Et qu’importe la révolution – Catherine Gucher

Immense coup de cœur pour ce roman dont je ne connaissais ni l’auteur ni la maison d’édition. Dès les premières pages, dès la première ligne lue, dès la première image décrite, j’étais conquise. Comment ne pas penser au grand livre d’Hemingway, Pour qui sonne le glas ? la plume de l’auteur mise à part, on retrouve l’odeur de la révolution, des montagnes, le goût de la fronde, le temps qui se suspend au souffle des armes, et surtout la cause qu’on embrasse, viscéralement, au-delà du soi, jusqu’à ce que le soi n’existe que par le peuple, jusqu’à la folie, jusqu’au déchirement, jusqu’à la mort.

Oscillant entre le silence des montagnes ardéchoises, le soleil révolutionnaire de Cuba, les rues espagnoles jonchées des espoirs écrasés par l’armée franquiste, ce livre raconte le souvenir des disparus, de ce qui a été, de ce qui advient, la vieillesse inéluctable de la mémoire, du corps et des luttes de jeunesse.

Un soir de 2016, à l’annonce du décès de Fidel Castro Jeanne replonge dans ses souvenirs. Du fin fond de sa montagne ardéchoise, Jeanne se souvient donc, en silence, à l’abri de la ville et des hommes, de sa jeunesse révolutionnaire, elle se souvient d’un passé qu’elle tente de maintenir présent, l’arrière-goût amer de l’inachevé, d’un idéal cantonné au rêve. Elle se souvient des luttes, tente de les faire revivre, son corps a besoin de vibrer encore, une dernière fois.
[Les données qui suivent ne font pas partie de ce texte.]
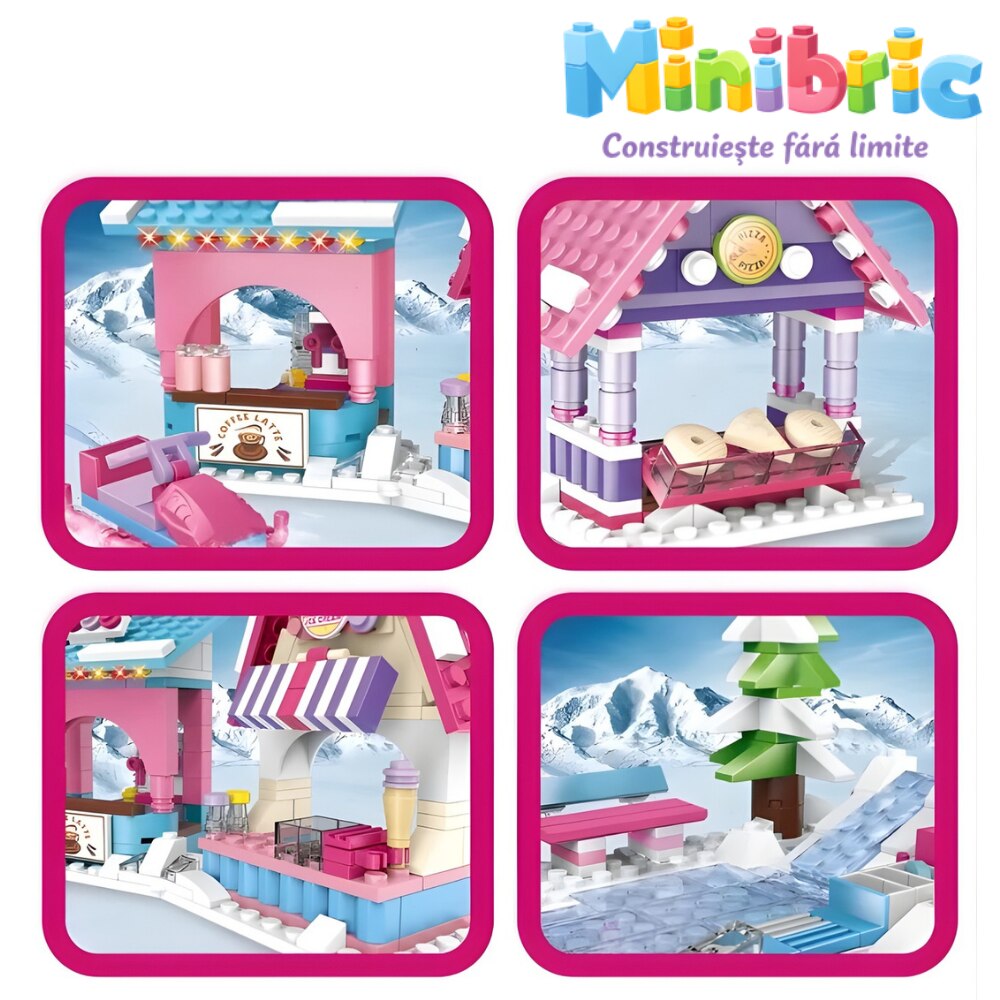 Set de Constructie cu Piese Tip Blocuri Jucarie Constructie MiniBric Winter Haven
De l’autre côté des Pyrénées, Ruben se souvient aussi, de son enfance volée, de la traversée des montagnes, la fuite de la dictature de Franco, Ruben l’Espagnol, Ruben le réfugié, d’abord à Marseille et ensuite à Oran, et pour finir à Cassis. Il se souvient de Jeanne et tente de convoquer un passé, les morts, les amours contrariées, les blessures, les non-dits et les regrets.

Un livre pour raconter deux vies qui se chevauchent, qui se ratent, deux vies au crépuscule qu’un idéal sépare, aussi immuable que les montagnes qui se dressent entre eux, mais qui essaieront de se retrouver malgré tout. Et ceci dans la meilleure écriture qui soit, celle qui vous fait sentir la chaleur du soleil sur votre peau, qui vous fait frissonner du vent des cimes, qui vous fait entendre le bois qui craquelle sous vos pas, et le cœur qui bat dans la poitrine.